Low-power real-time image processing on the edge with Intel® Movidius™ Neural Compute Stick

Updated on 21-Dec-2018

HIGHLIGHTS

A primer on how you can use the Intel Movidius Neural Compute Stick to run an image processing project on the edge

Deep learning has gone deep, penetrating the very fibre of tasks like speech recognition, image processing and machine translation. With the significantly heavy matrix operations involved, there has been a surge in demand for GPUs (graphical processing units) and TPUs (tensor processing units) that are capable of accelerating these computations. But never before has there been a smart, sleek, one-stop-shop providing both hardware and software tools for deep learning applications.

What is Intel^® Movidius^™ ?

Enter the Intel^® Movidius™ Neural Compute Stick (NCS) – an ambitious, potentially game-changing offering by Intel. A completely offline device the size of a thumb drive, the Intel^® Movidius™ NCS has brought deep-learning to applications on the edge of the Internet-of-Things. Its high energy efficiency is a neat plus that makes it a viable companion to controller boards such as the Aaeon UP2. Bonus feature: it has no fan! The NCS 2, launched recently, features Intel’s latest VPU, the Myriad™ X. This nifty chip boasts eight times the performance boost compared to the previous generation of NCS – thank Intel’s upgrades of more cores and a new hardware accelerator.

The Intel^® Neural Compute Stick 2 is miles ahead of its previous version.

As a huge favour to the aspiring developer, the Intel^® Movidius™ NCS comes with a full-fledged Software Development Kit (SDK) called OpenVINO to facilitate rapid prototyping, testing, validation and deployment of neural network architectures. The Intel^® Movidius™ NCS basically serves as a high-performance USB-connected GPU for offline deep learning. Do note, however, that the models on it must be trained in conjunction with another processor – the Intel^® Movidius™ VPU (Vision Processing Unit) only serves to compute in real-time. In short, the NCS is an inference-time coprocessor – not a training processor.

Here is an overview of the compatibilities of the Intel^® Movidius™:

It can be used with Ubuntu 16.04, CentOS 7.4, Yocto, Windows 10 and Linux for FPGA.
It supports TensorFlow, Caffe, MxNet, Kaldi as well as ONNX for Deep Neural Networks.
Intel^® Movidius™ allows the running of deep learning models like SqueezeNet and Yann LeCun’s GoogLeNet even on a machine with low processing capability.

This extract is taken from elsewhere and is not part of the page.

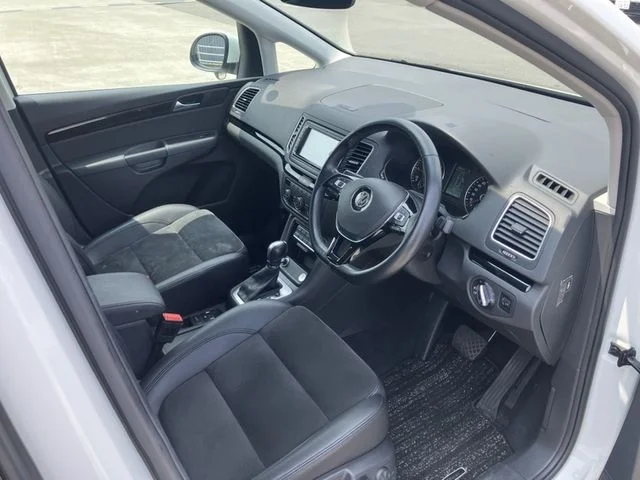Volkswagen VOLKSWAGEN SHARAN TDI　ハイライン photo 2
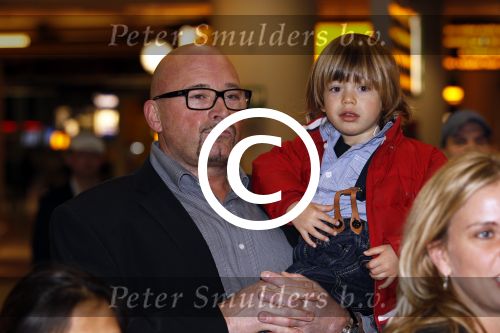 Schiphol 14 maart 2011
Amanda Krabbe komt na 4 maanden terug op schiphol en wordt daar ontavangen door martijn Bickel Jasmijn Achilles Michelle en haar ouders en beste vriendinnen.
Peter Smulders bv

The Intel^® Movidius™ Visual Processing Unit (VPU) in fact provides real-time visual computing capabilities to a number of battery-powered consumer and industrial edge devices like Google Clips, DJI Spark drone, Motorola 360 camera, HuaRay industrial smart cameras, and many more.

TensorFlow? Caffe? What?

TensorFlow is an open source library that allows heavy matrix computations to be represented as a ‘computational graph’, where nodes in the graph represent mathematical operations, and the graph edges represent multidimensional arrays communicated between them. TensorFlow is the natural computational representation of the matrix algebra, back-propagation and other methods essential for neural networks – and is one of the industry standards in deep learning today. Written in C++, Python and CUDA, TensorFlow boasts compatibility with not just the top 3 operating systems (Windows, Mac, Ubuntu) but also with Android and JavaScript. No surprise, as it’s a Google Brain product.

Caffe, on the other hand, is a similar deep learning framework written in C++, with a Python interface. Although notoriously hard to install, Caffe is one of the best libraries for image processing today. After all, it was developed at Berkeley, one of the top schools for computer vision.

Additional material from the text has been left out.